A good example is Cormac McCarthy. I enjoyed All the Pretty Horses, and then encountered this bitter and caustic review in The Atlantic, and wrote him off entirely. It’s horrible to contemplate that I could write off entirely a writer’s oeuvre because of some thwarted critic’s mean-spirited, if well-intentioned, criticism. But I did. The article made some good points, points that any creative-writing teacher tries to drill into her students. But it also demolished the hope of every working author it mentioned. It gutted them wholesale.
I finally returned to McCarthy, after a ten-year absence, reading The Road this month. Maybe McCarthy was able to take the good criticism with the bad, because he met some of it head-on. What blows my mind, though, is that he found the courage to tell any story at all, and especially such a difficult, dangerous one. The book is a love story, the story of the love between parent and child. In a world of darkness and horror, he posits, love is what saves us.
Maybe the book’s successful. Maybe it’s not. But McCarthy was brave enough to write it. He stood in the face of brutal criticism and said: no. I will continue to write. I will continue to publish. I will continue to take on difficult subjects. You can’t stop me.
Luhrmann does the same thing. I recently saw “Australia,” a film destroyed by the critical press. It was overblown and a little hokey, but I liked it. The line that stays with me is when the Drover says: “I’m the richest man alive because I have the best stories. At the end of my life, I’ll have a story worth telling.”
I do, too. And having a great, grand story means risking failure. It means failing. It means picking myself up and dusting myself off and thumbing my nose in the face of the naysayers. At the end of my life, I want to follow Dave Eggers’s dictum, as he says here.

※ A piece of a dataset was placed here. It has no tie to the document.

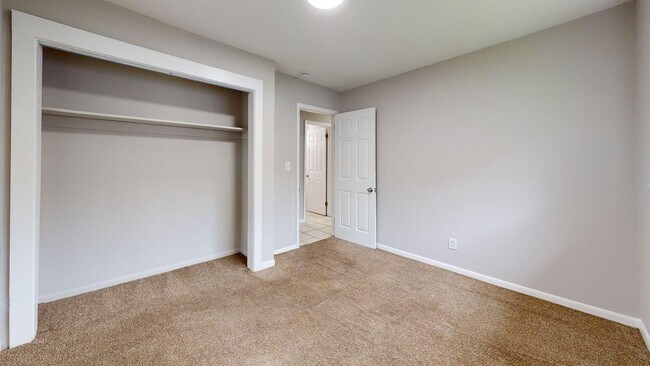 Building Photo - 583 Chittenden St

What matters is not the perception, nor the fashion, not who's up and who's down, but what someone has done and if they meant it. What matters is that you want to see and make and do, on as grand a scale as you want, regardless of what the tiny voices of tiny people say. Do not be critics, you people, I beg you. I was a critic and I wish I could take it all back because it came from a smelly and ignorant place in me, and spoke with a voice that was all rage and envy. Do not dismiss a book until you have written one, and do not dismiss a movie until you have made one, and do not dismiss a person until you have met them.What matters is saying yes. Eggers says yes. McCarthy says yes. The Drover says yes. I will, too.